6-    Dünyadaki ortak diplomasi dili, otorite ve kararlılık dilidir, gücü satmak ve daha sonra da yalvarmak değil. Oysa Nükleer Anlaşma hala Batı’nın rehinidir. İran’ın petrol taşıyan tankeri, Devrim Muhafızları tarafından güçlü bir eylemde bulunularak İngiliz korsanlarının elinden alındı. Yoksa, eğer sadece müzakere ile olsaydı, 16 ayda Avrupa ve Amerika'nın aklı başına gelirdi. Avrupalılar asgari taahhütlere bile geri dönmedi çünkü yeterli kararlılık ve otoriteyi görmediler. Mesela, Sayın Ruhani “Taahhütleri azaltma sürecinde müzakere etmeye devam edeceğiz, ancak ikinci 60 günün sonunda sonuç alamazsak kesinlikle üçüncü aşamaya başlayacağız ve ondan sonra da makul, adil ve dengeli bir çözüm bulmaya ve karşılıklı taahhütleri yerine getirmeye bağlı kalmak için 60 gün zaman vereceğiz. Hemen vakit belirlemek caydırıcılık için mi yoksa sözünde durmayan tarafın başının altına yastık koymak için mi? Şimdi açıkça iki diplomasi modeliyle karşı karşıyayız - ne yazık ki Nükleer Anlaşma modeli (ve hatta Nükleer Anlaşmadan sonraki süreç) Batı’da hükümetimizin prestijini ve güvenilirliğini zedeliyor ve Trump'ın gelişmiş İHA'larının İran tarafından düşürülmesinden sonra, askeri olarak yanıt vermekten korktuğu, ya da İngiltere’nin, aşağılanmayı bile göze alarak İran petrol tankerlerini serbest bıraktığı, İran İslam Cumhuriyeti’nin düşmanlara karşı güçlü ve caydırıcı bir model oluşunu zedeliyor. 

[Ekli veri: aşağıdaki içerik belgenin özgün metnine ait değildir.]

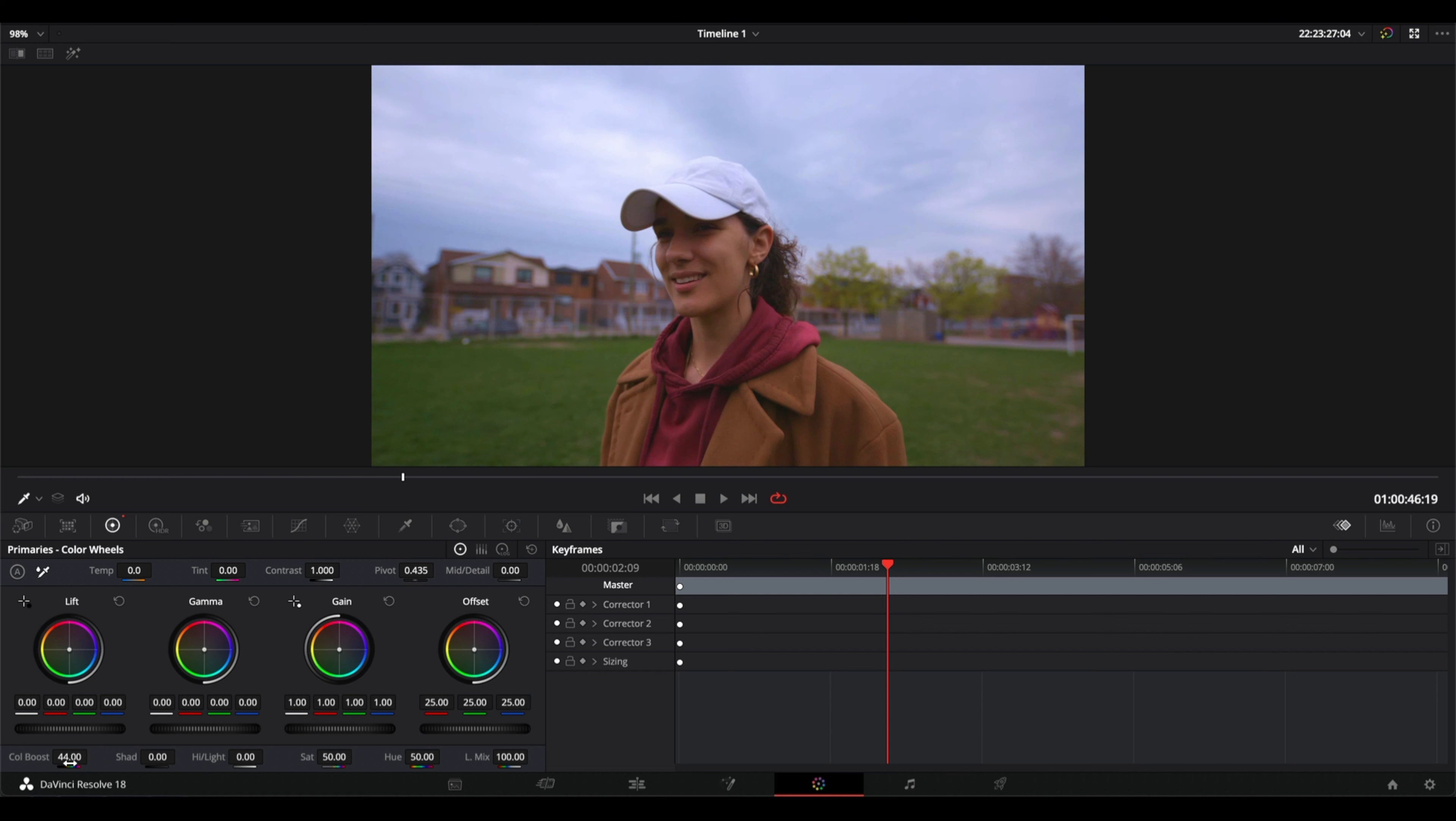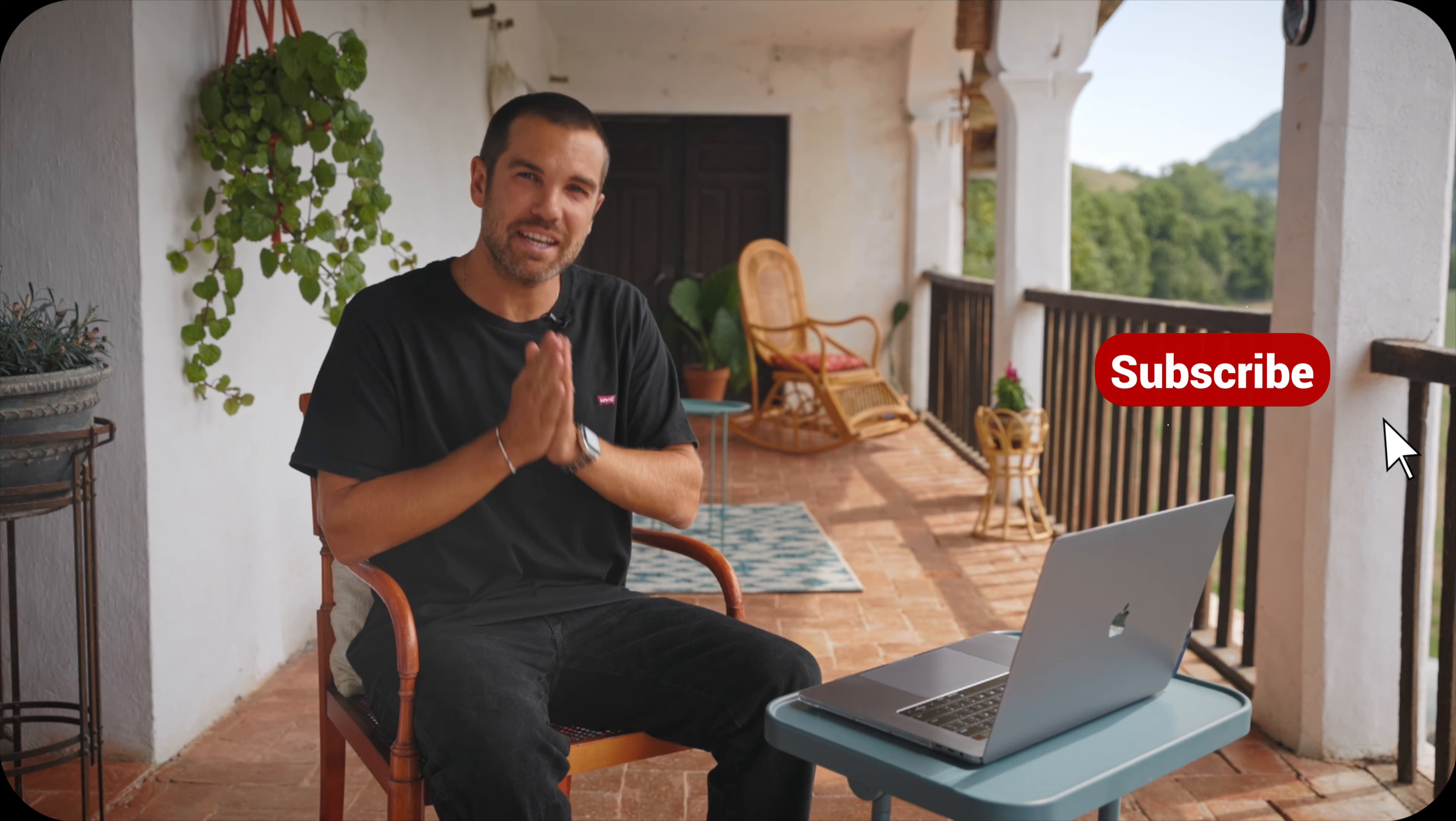So feel free to use whichever one you like, the color boost or saturation. And that's it, this is how easy it is to apply saturation in DaVinci Resolve. And that's all for today's video. Thanks for watching and I'll see you soon.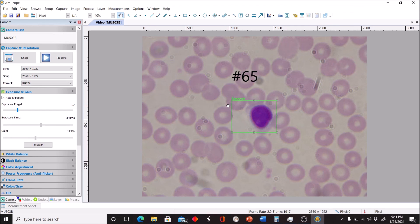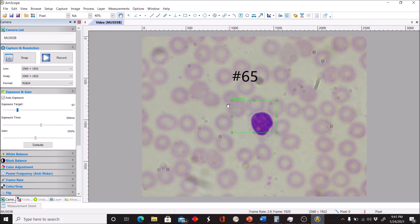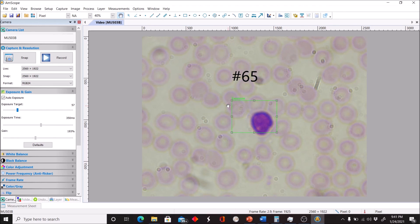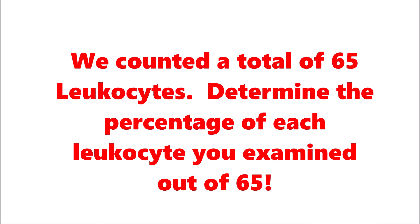And last but not least, we'll end on this guy. That completes our differential count.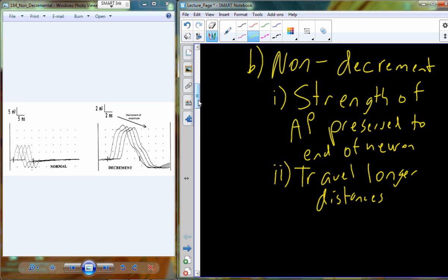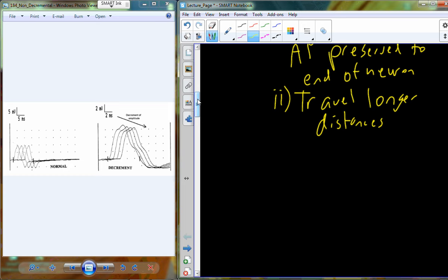The local potential travels from the dendrite to the trigger zone in the axon hillock — really just a couple of microns, a very small distance. Whereas, the action potential may travel from the axon hillock all the way down the axon to a muscle in the foot, a distance of over a meter. With an action potential, the signal can travel much longer distances because it does not degrade or undergo decrement.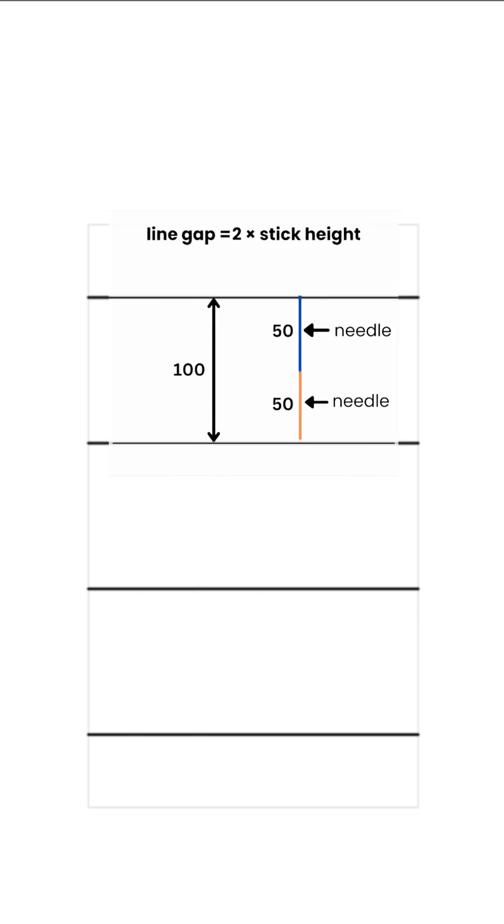First, we need a rectangle with some trigger lines. Now the needles. The length of each needle has to be half the distance between the trigger lines.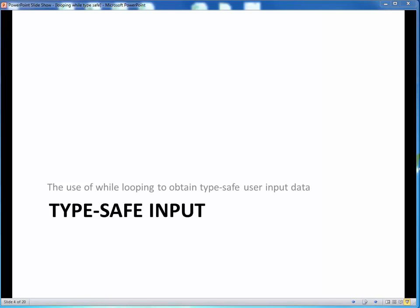In this video lecture, we'll take a look at another useful application of while looping, which is type-safe input. This is simply the checking of user input data in the loop to ensure that input is of the expected data type.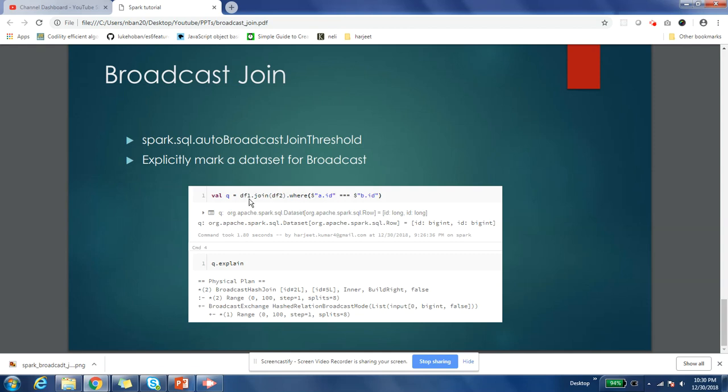It's very easy to join two tables. Suppose you have two DataFrames - DataFrame1 and DataFrame2. You just need to say DataFrame1.join(DataFrame2) and then give the condition on which you want to do the join. If you do query.explain, you will see broadcast exchange and broadcast hash join happening in the physical plan. That's how Spark deals with it.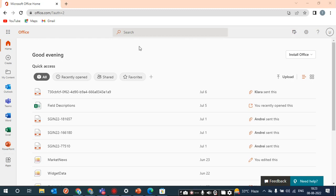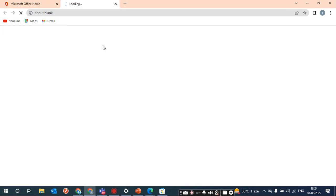Hello friends, welcome to my channel. Today we will work on a scenario where the user has not received a mail and the mail is stuck in the Office 365 admin panel. The user is requesting to release that mail which they were supposed to receive. We will see how we can release that mail from the Office 365 admin portal quarantine section.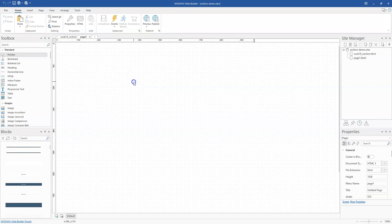Hey guys, welcome back to another video. There's a new tool in WYSIWYG Web Builder version 18 known as Section.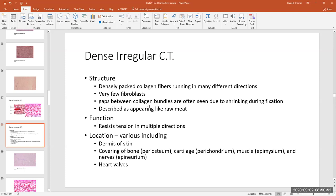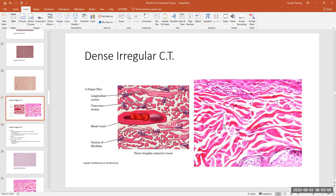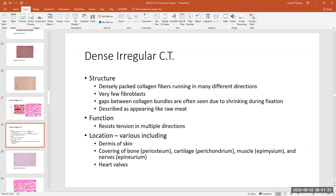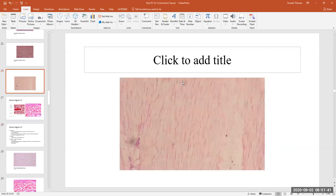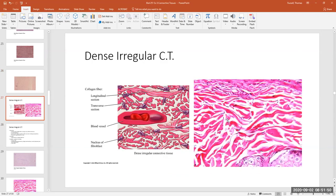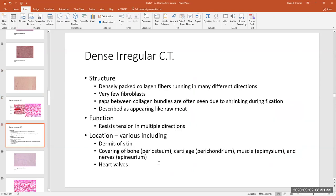The gaps between the collagen bundles where you see space are an artifact of fixation — when we fix the slide it causes the collagen fibers running at different patterns to pull apart from each other. In the living organism there's no real space; the collagen fibers are still packed together, just running in different directions. Since those fibers run in all directions, the tissue is very good at resisting tension in multiple directions.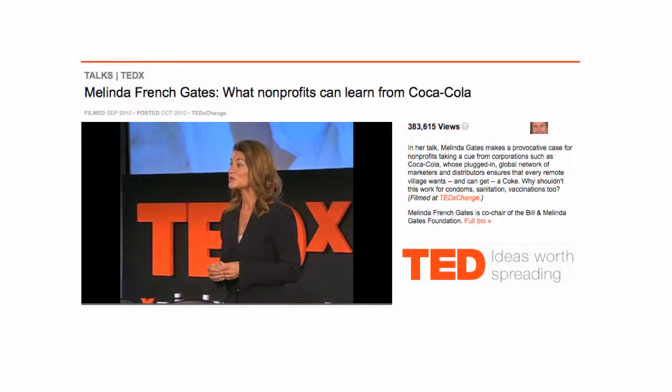Melinda Gates gave a presentation at TEDx titled 'What Nonprofits Can Learn from Coca-Cola,' and essentially what the talk was about was how is it that you can get a Coke in the most remote areas of Africa but we can't deliver vaccinations to save people's lives. The same can be said about education content. But by leveraging the power of brands and their distribution network, we can help solve this problem.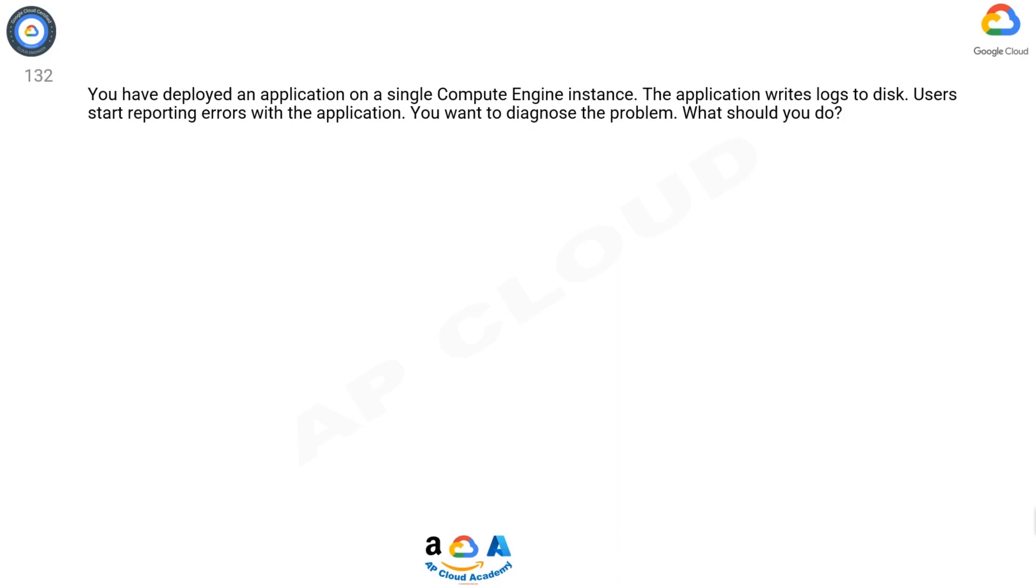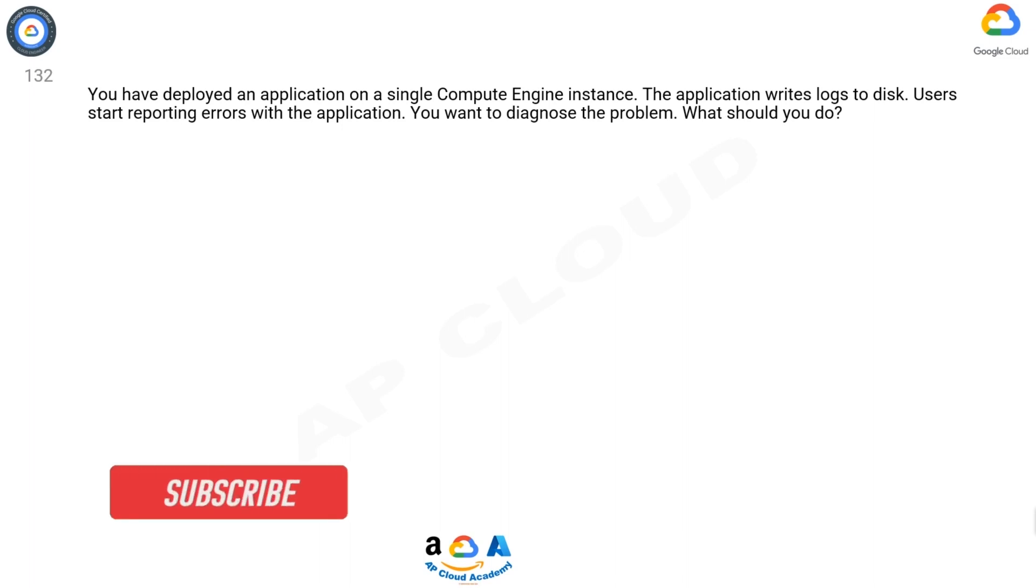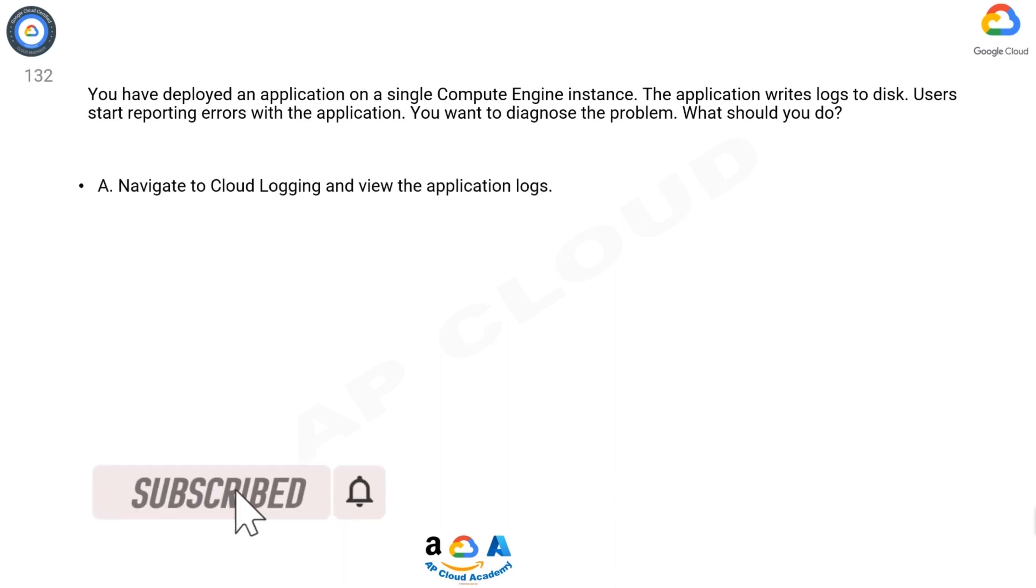Question 132: You have deployed an application on a single Compute Engine instance. The application writes logs to disk. Users start reporting errors with the application. You want to diagnose the problem. What should you do?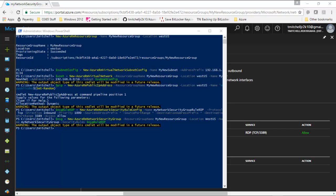Welcome back. Now that we have our virtual network configured, our subnet configured, and our network security group all ready to go, it's time to create the actual virtual machine.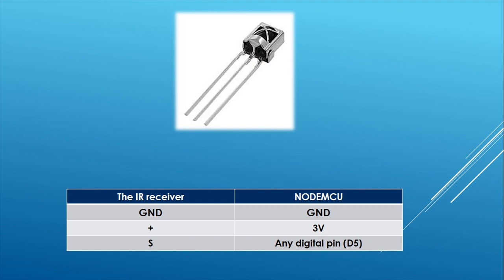The wiring is simple. The S pin is connected to D5 in my case, the minus pin to ground, and the middle pin to 3V.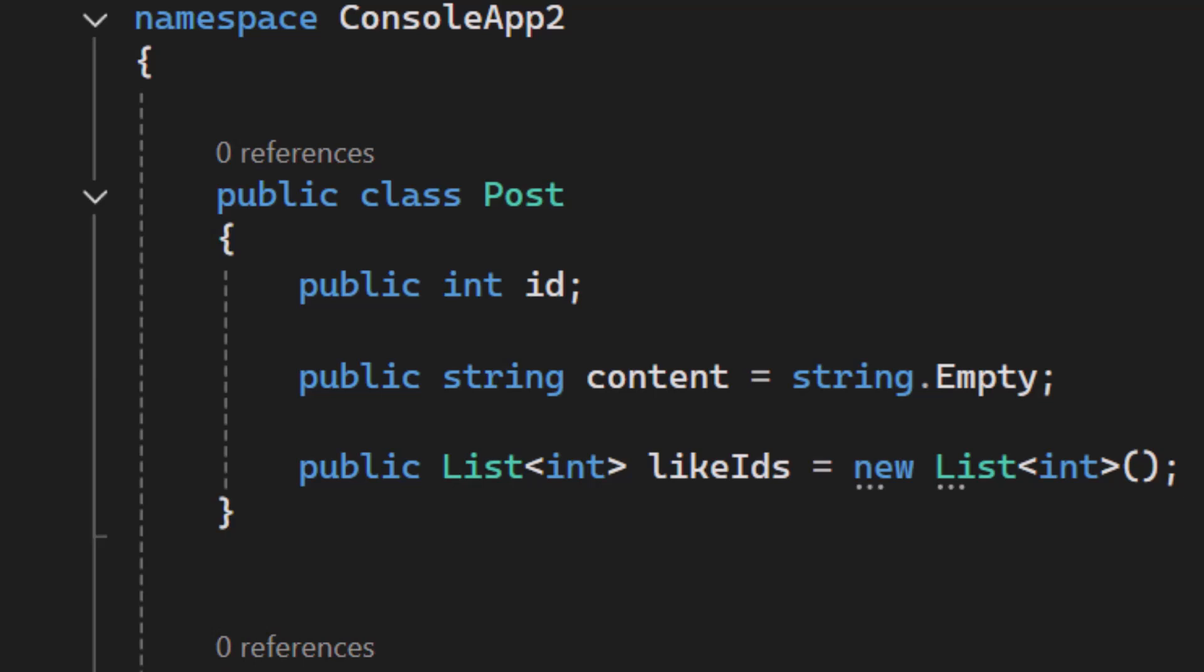Now, you might be thinking to yourself, no, no, there's no way, I refuse to believe that. Well, here's a list.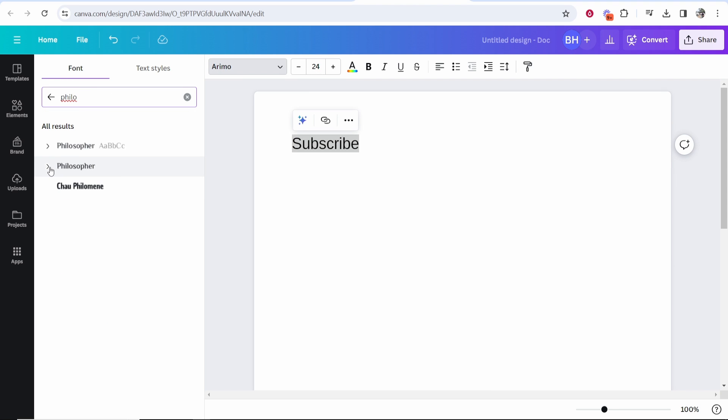So there we go, philosopher, and we can go ahead and click on this font, and there you go, it's now changed to that font. So that's how you can upload a custom font to Canva.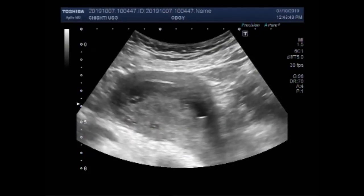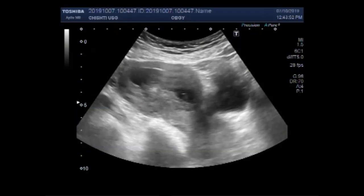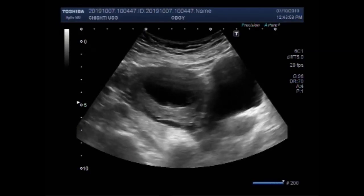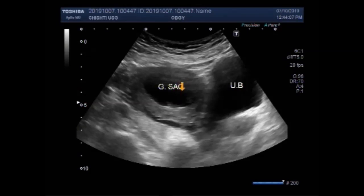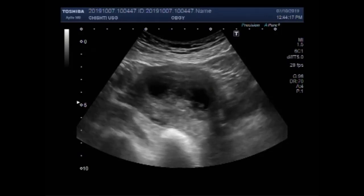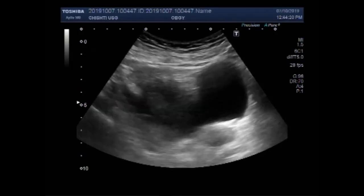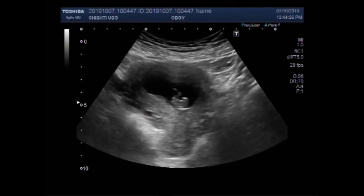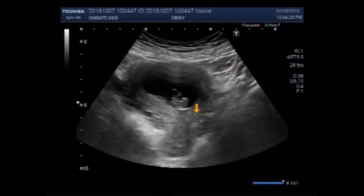You can see the urinary bladder and uterus having a gestational sac. This is the gestational sac and this is the uterus. Now you can see a small embryo visible inside the gestational sac. You can see this is the embryo.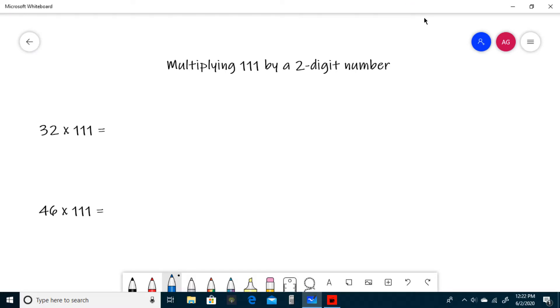Hello and welcome to Investigative Math. Today we will be learning how to multiply 111 by any two-digit number in your head. So let's get to it.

7-    İslam İnkılabı Rehberi, hükümet yetkilileri ile gerçekleştirdiği son görüşmesinde iki önemli ve stratejik nokta konusunda açıkça uyarıda bulundu. Bu iki önemli kılavuza dikkat etmek hükümetin kalan iki yıl karnesini geçen altı yıldan farklı kılar; bu hususlardan ilkinde İmam Hamanei şöyle buyurdu: “Düşmandan gerçekten de korkmayın, bizim karşımızdaki düşman bugün doğmadı, İnkılabın ilk gününden beri düşmanımızdı…Eğer Amerika ve Avrupa ve eski Sovyetler Birliği ve diğer güçler, İran İslam Cumhuriyeti’ne karşı bir halt edebilselerdi ederlerdi, görüyorsunuz ki yapamadılar; Tabi niye, eziyet edip zorluk çıkardılar ama kendi haysiyetlerini de yok ettiler… Bugünkü İran İslam Cumhuriyeti nerde, 20 yıl ve 30 yıl önceki nerde! Yerden göğe kadar farklı, siyasi, askeri ve çeşitli alanlarda eylemlerimiz ve gücümüz gelişti, düşman hiçbir halt edemez; bu açıdan düşmanı düşünmeyin yani gerçekten de kırk yıl önce yapamadıklarını ikinci kırk yılda da Allah’ın izni ile yapamazlar ve ikinci kırk yıl bizim için ilk kırk yıldan daha iyi ama onlar için daha kötü olacaktır; Bundan emin olun ve bu konuda şüpheye kapılmayın.’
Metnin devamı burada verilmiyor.